**What you have to do:** In the entries below, find the line with "Zilver Deurgordijn Metallic" and the line with "Revolution 30 Washington"; reproduce those two lines and all lines between them exactly, without pictures.

**Supplied information:**
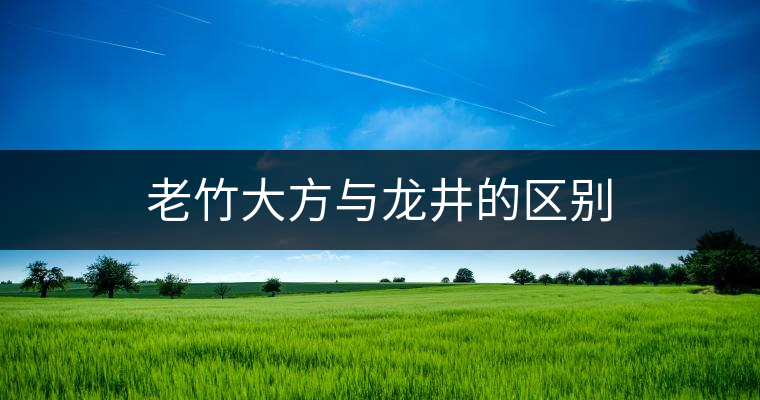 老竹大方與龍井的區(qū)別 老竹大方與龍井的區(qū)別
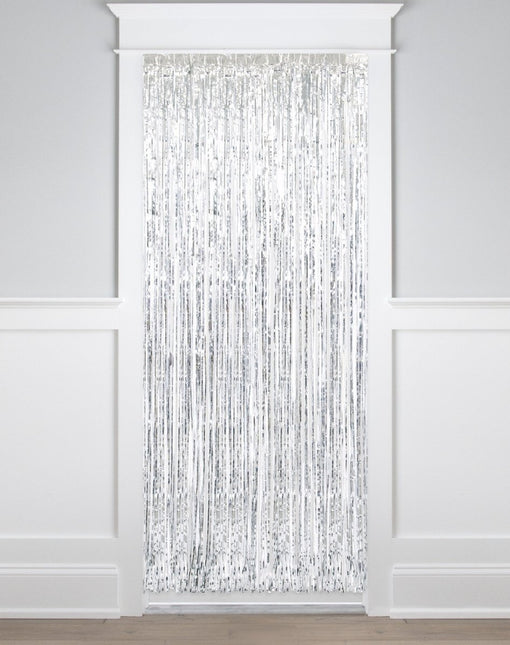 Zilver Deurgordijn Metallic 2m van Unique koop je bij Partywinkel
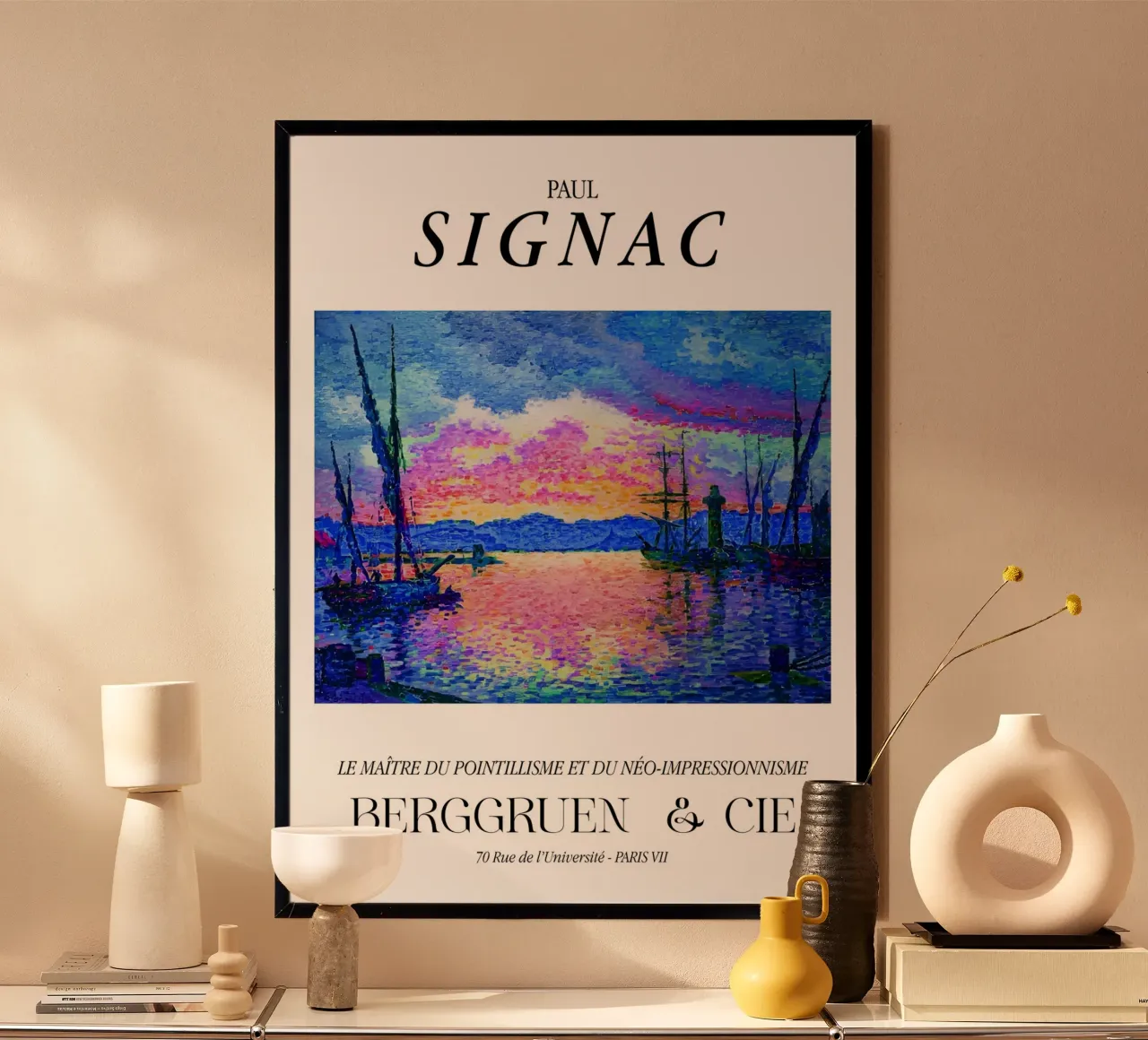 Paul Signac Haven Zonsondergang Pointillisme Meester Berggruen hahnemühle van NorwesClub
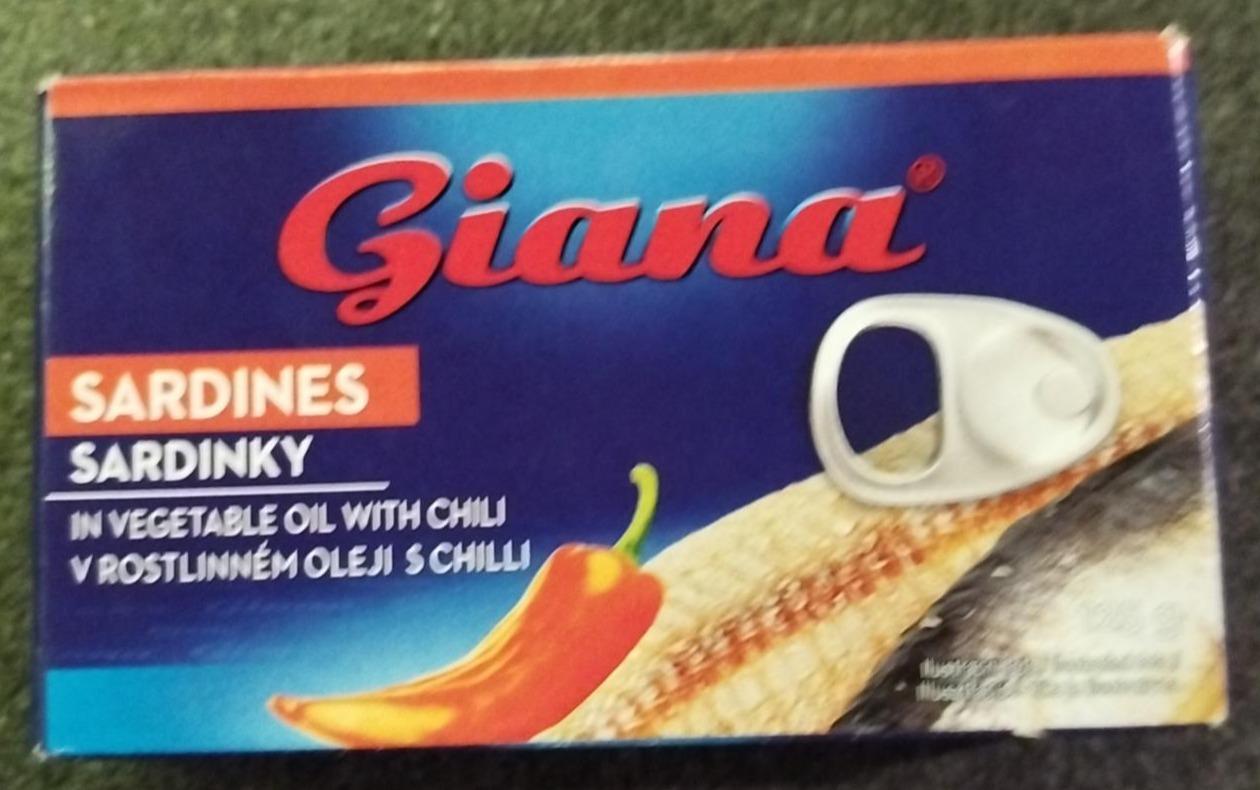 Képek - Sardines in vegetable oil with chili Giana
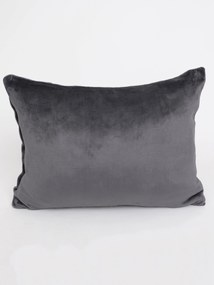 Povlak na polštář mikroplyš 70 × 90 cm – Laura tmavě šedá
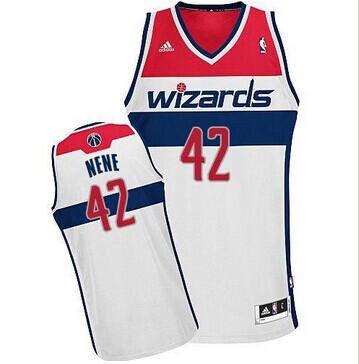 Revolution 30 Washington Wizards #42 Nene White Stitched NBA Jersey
--
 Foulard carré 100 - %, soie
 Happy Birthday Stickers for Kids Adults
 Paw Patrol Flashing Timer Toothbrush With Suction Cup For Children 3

**Solved problem:**
 Zilver Deurgordijn Metallic 2m van Unique koop je bij Partywinkel
 Paul Signac Haven Zonsondergang Pointillisme Meester Berggruen hahnemühle van NorwesClub
 Képek - Sardines in vegetable oil with chili Giana
 Povlak na polštář mikroplyš 70 × 90 cm – Laura tmavě šedá
 Revolution 30 Washington Wizards #42 Nene White Stitched NBA Jersey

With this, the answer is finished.